DATA FOR THE TASK:
——————————

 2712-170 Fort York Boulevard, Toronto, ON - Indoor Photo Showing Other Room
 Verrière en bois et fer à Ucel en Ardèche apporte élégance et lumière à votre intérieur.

——————————

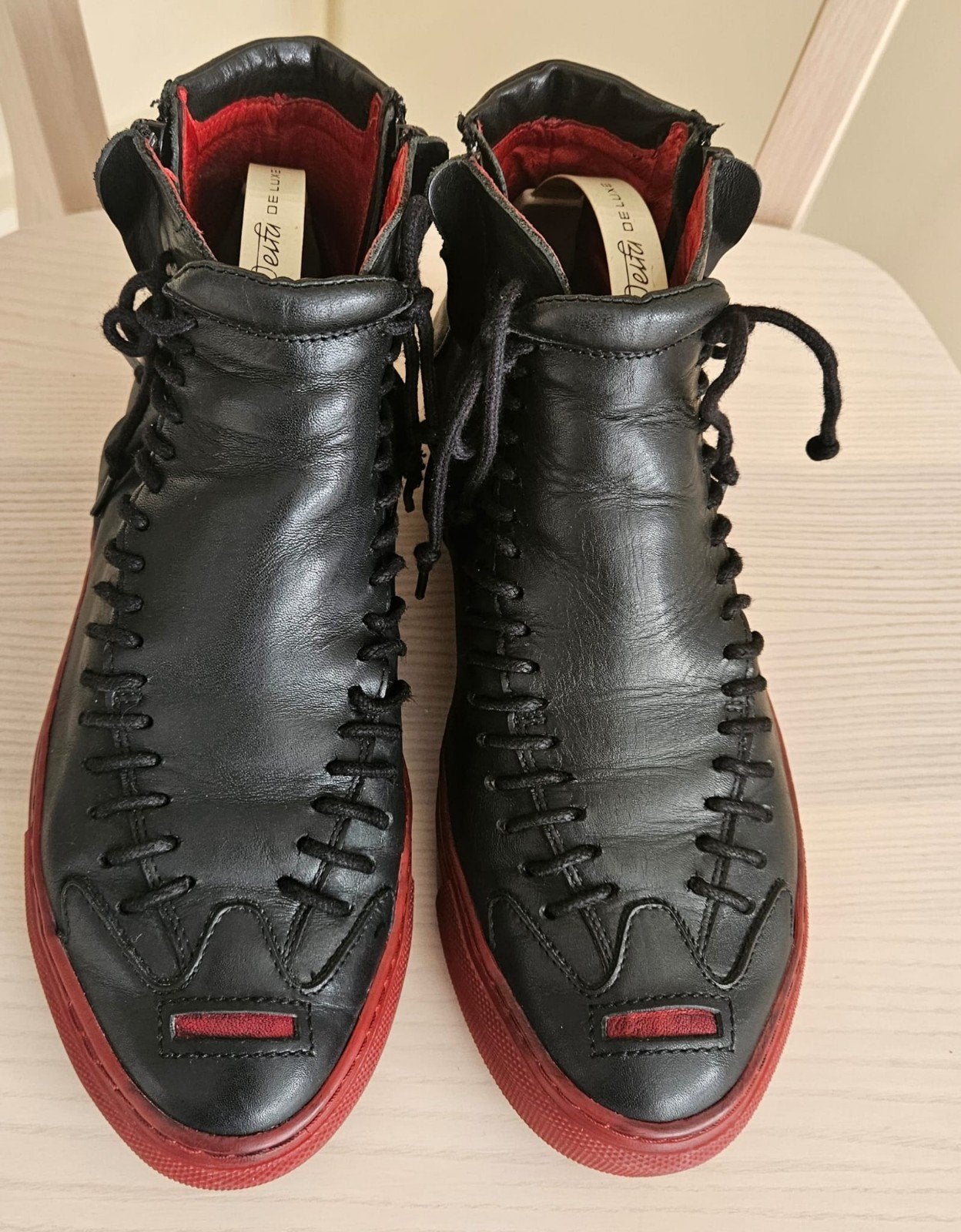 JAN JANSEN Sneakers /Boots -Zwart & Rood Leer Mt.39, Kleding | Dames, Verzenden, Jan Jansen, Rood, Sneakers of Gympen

——————————

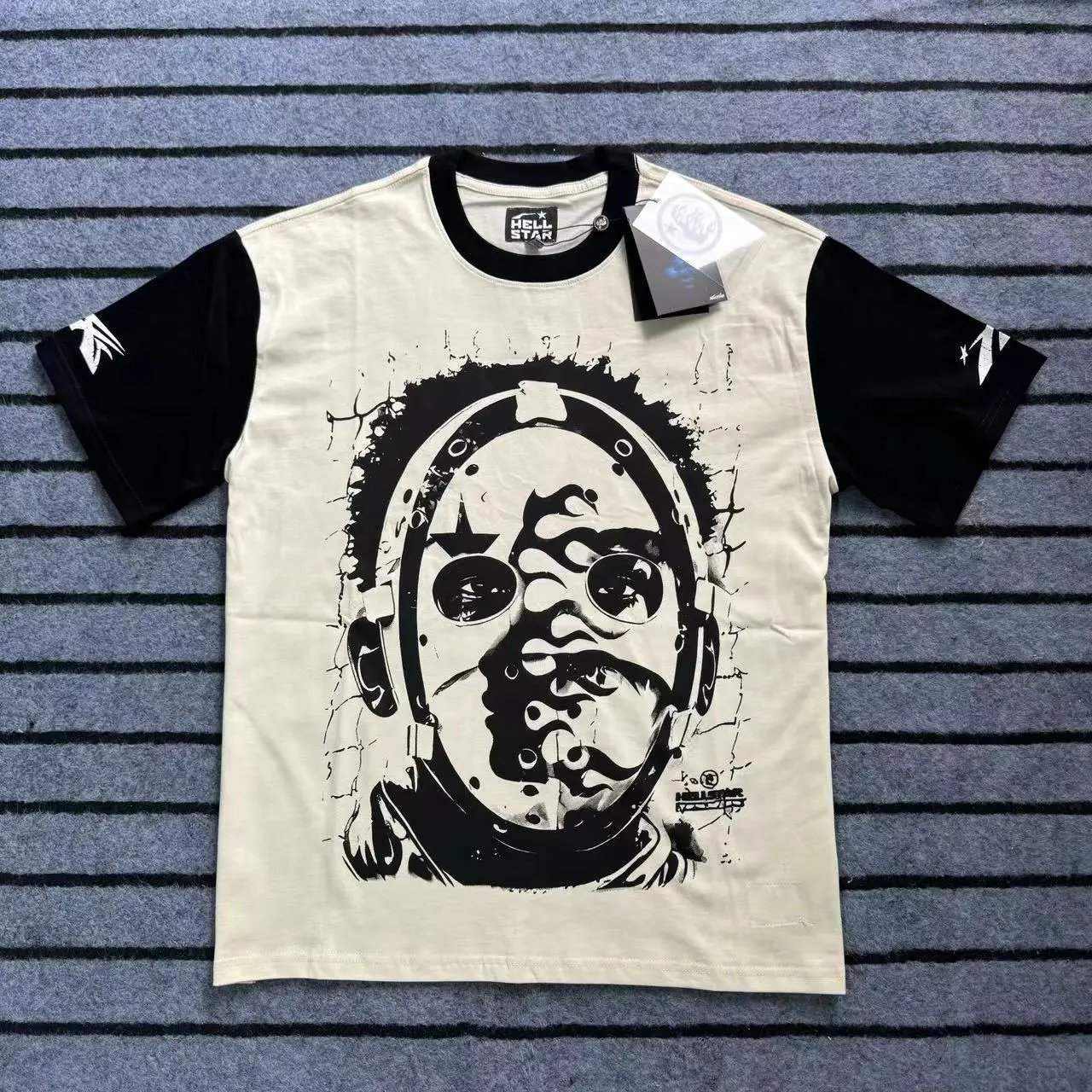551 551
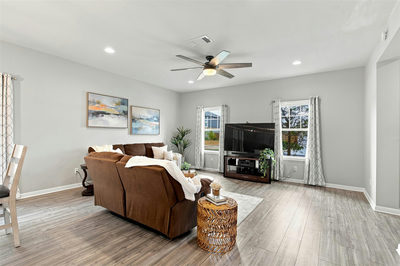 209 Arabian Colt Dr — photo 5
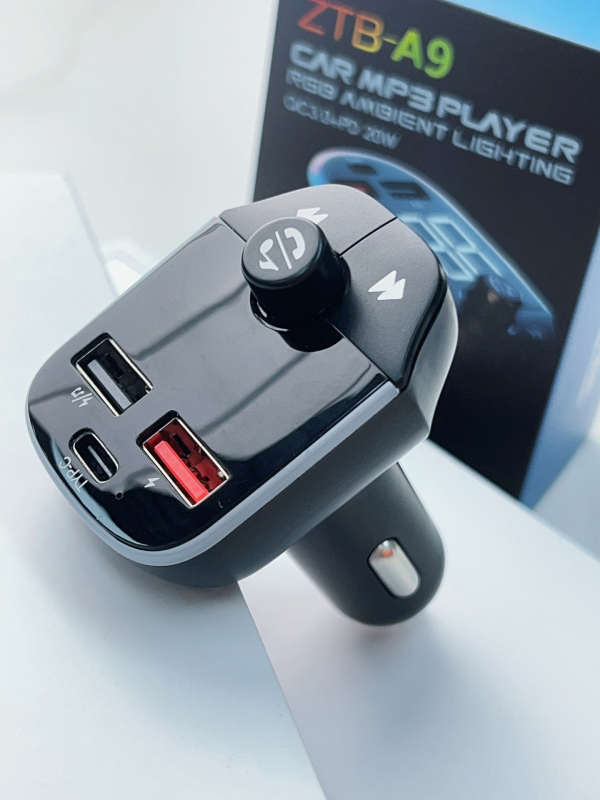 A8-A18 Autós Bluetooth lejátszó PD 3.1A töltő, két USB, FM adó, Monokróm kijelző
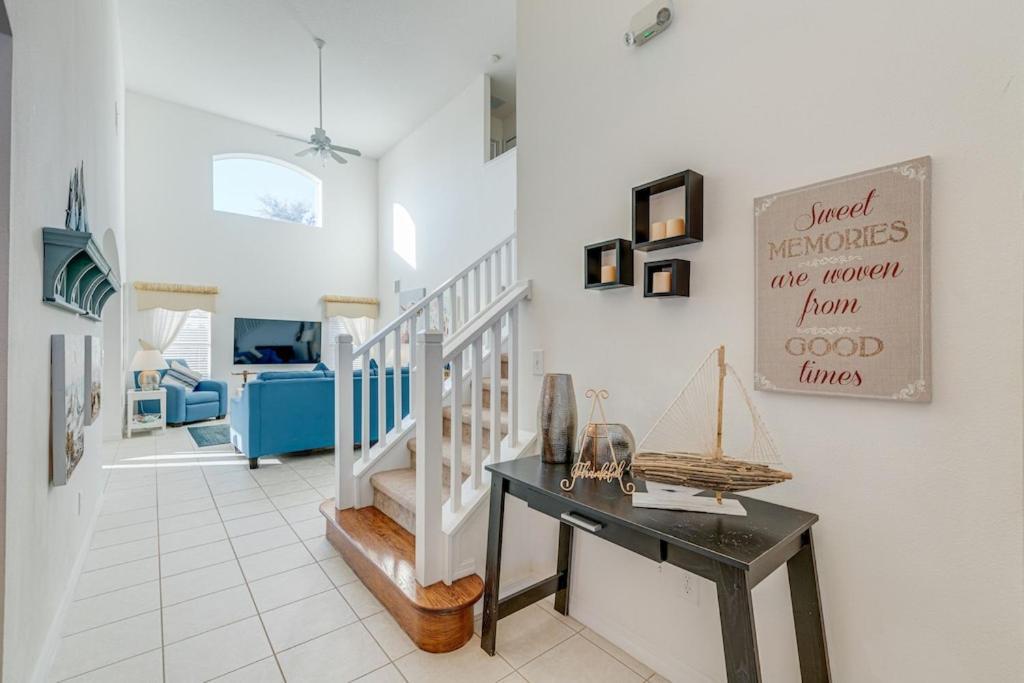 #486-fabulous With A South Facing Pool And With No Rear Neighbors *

——————————

DIRECTIONS: Begin at the line that has "2712-170 Fort York" in the entries above; stop after the line that has "Verrière en bois". Transcribe exactly those lines and no others.

WORKED SOLUTION:
 2712-170 Fort York Boulevard, Toronto, ON - Indoor Photo Showing Other Room
 Verrière en bois et fer à Ucel en Ardèche apporte élégance et lumière à votre intérieur.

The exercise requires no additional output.